Collected data

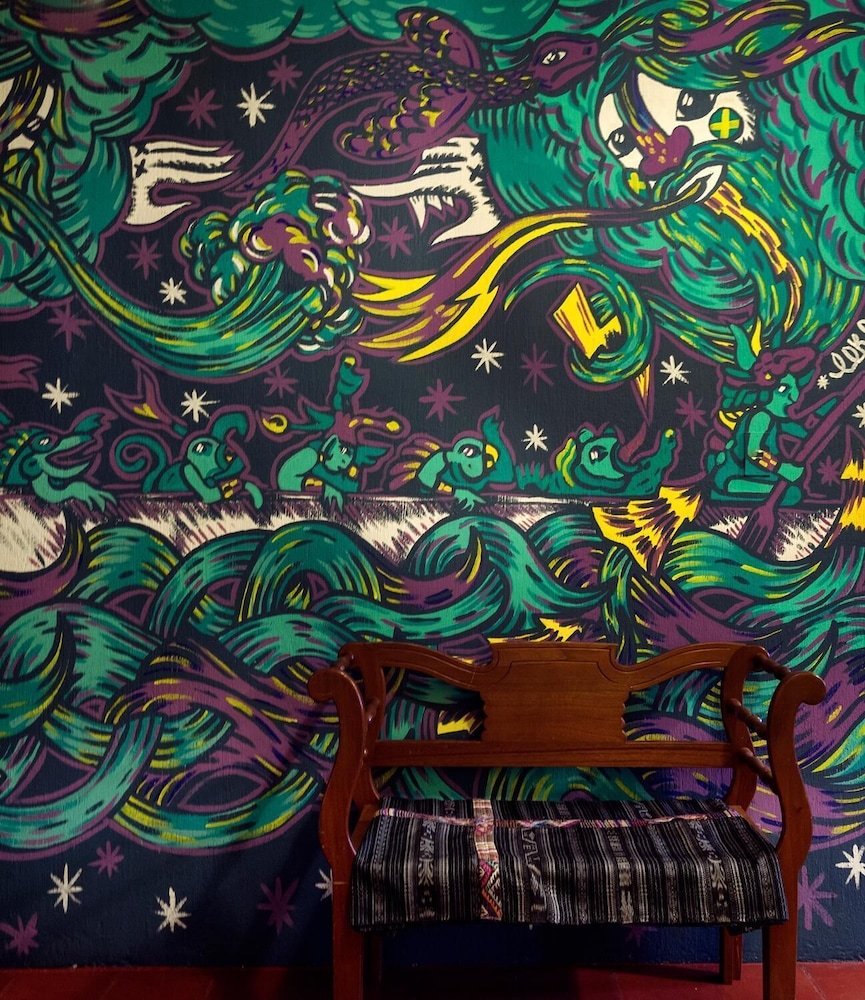 Quetzalroo Boutique Hostel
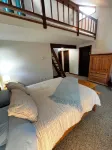 Cozy 4-Bedroom Condo-with Private Access to the Waterfront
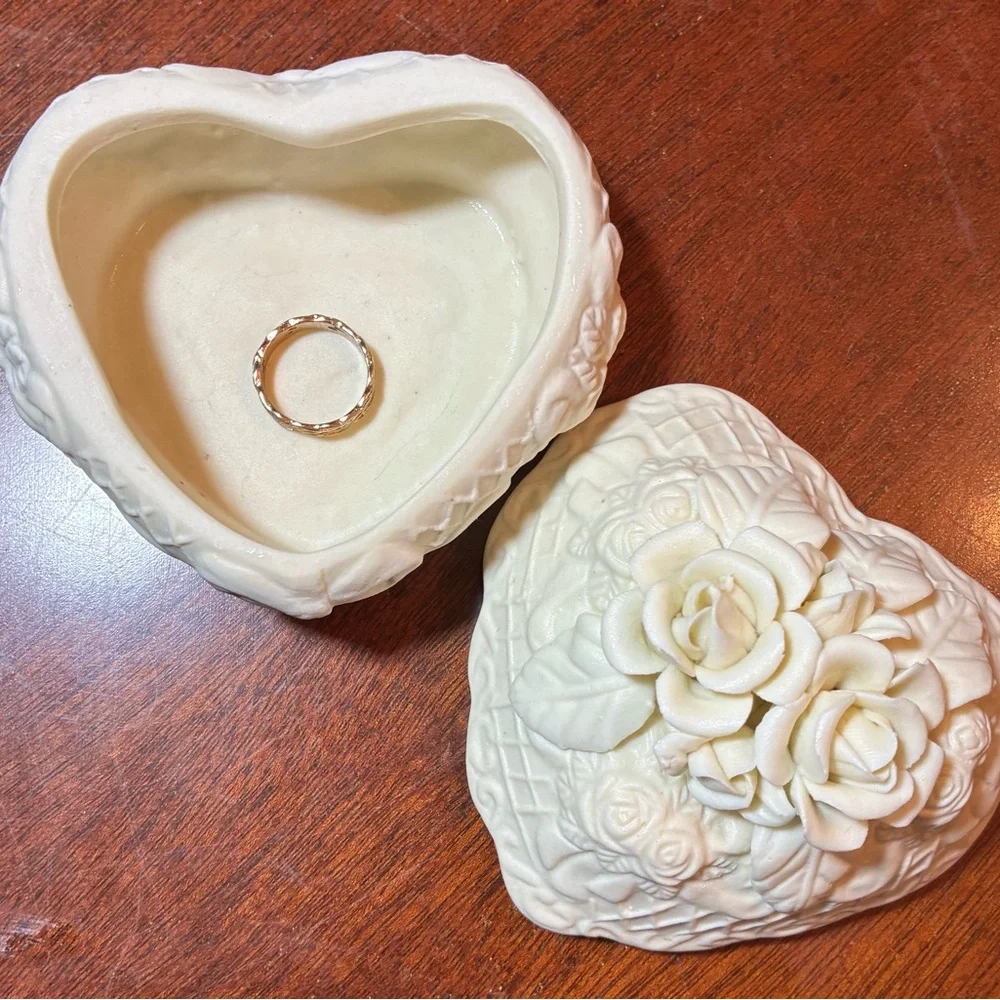 Albert Price Bisque Porcelain Heart Trinket Box • Sculpted Rose Jewelry Holder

Requirement
Drop the pictures and reproduce the rest of the data above exactly.

Written solution
 Quetzalroo Boutique Hostel
 Cozy 4-Bedroom Condo-with Private Access to the Waterfront
 Albert Price Bisque Porcelain Heart Trinket Box • Sculpted Rose Jewelry Holder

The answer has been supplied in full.